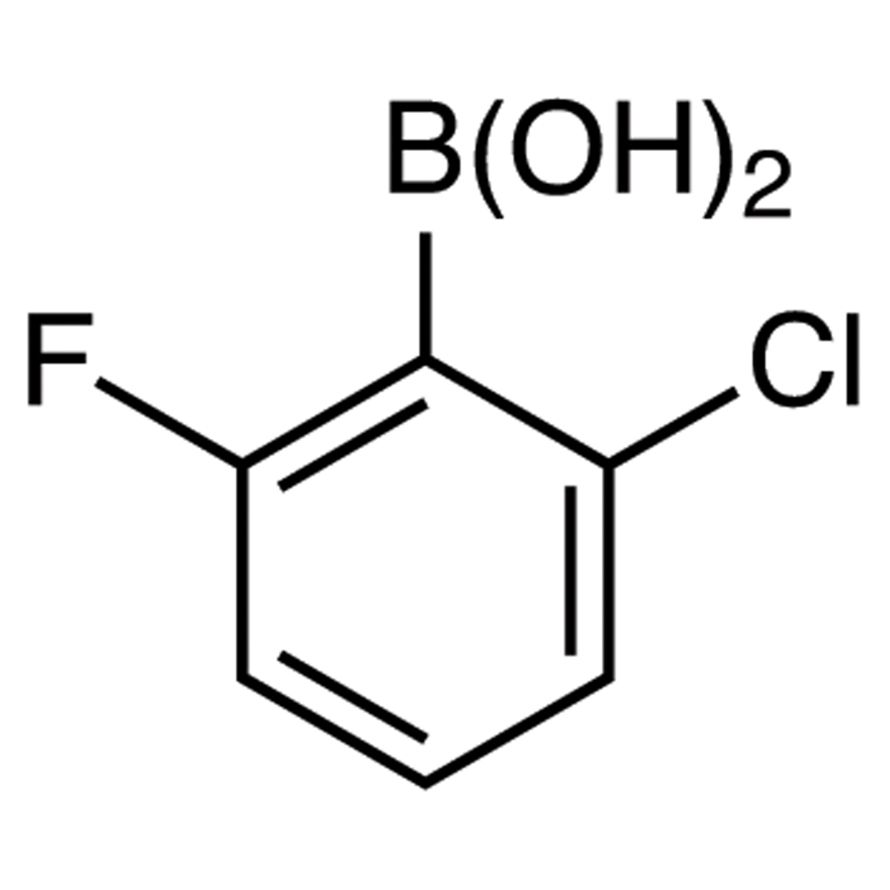 2-Chloro-6-fluorophenylboronic Acid (contains varying amounts of Anhydride)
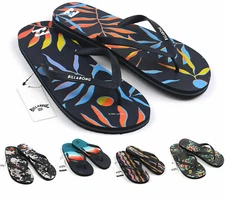 Billabong Tides Sandals Flip Flops Geometric Floral Solid all sizes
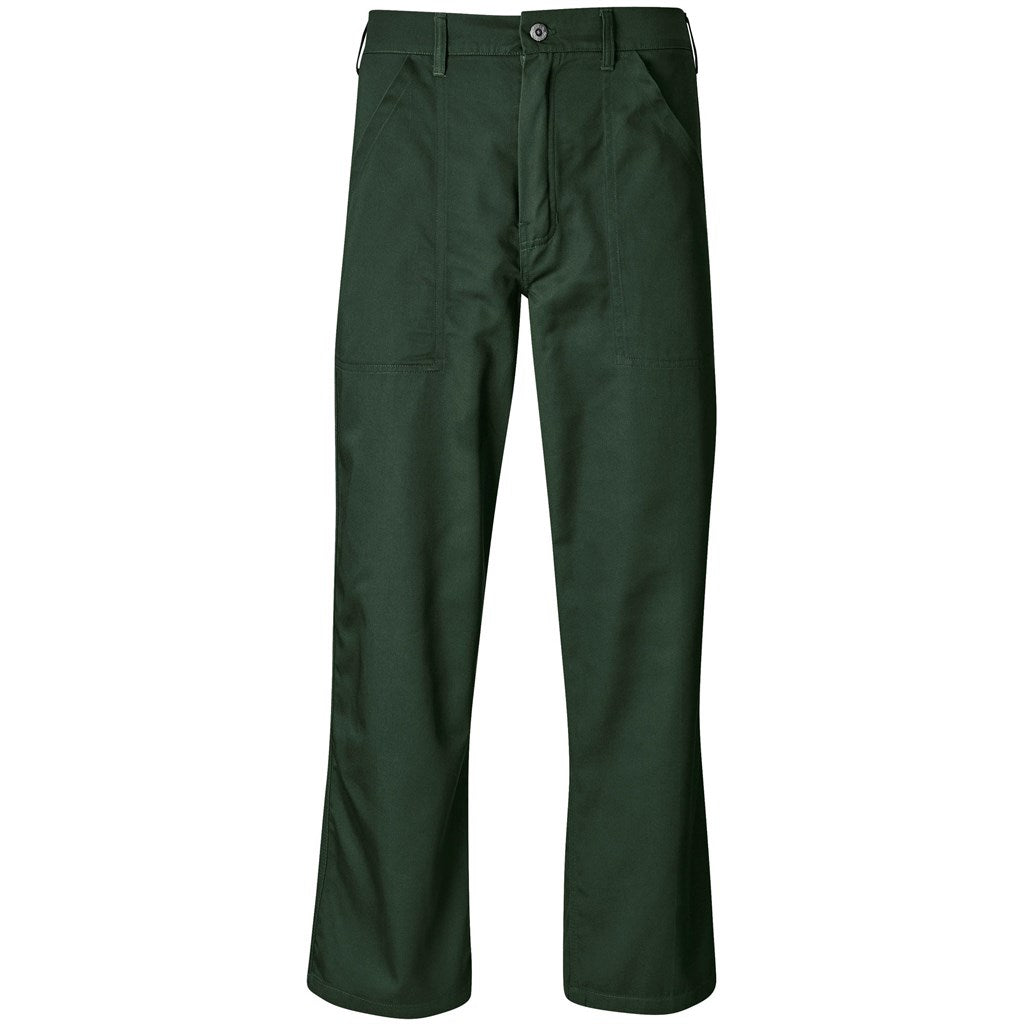 Site Premium Polycotton Pants - Olive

Exercise description
Make an exact copy of the listing. Leave its pictures out.

Result of this exercise
 2-Chloro-6-fluorophenylboronic Acid (contains varying amounts of Anhydride)
 Billabong Tides Sandals Flip Flops Geometric Floral Solid all sizes
 Site Premium Polycotton Pants - Olive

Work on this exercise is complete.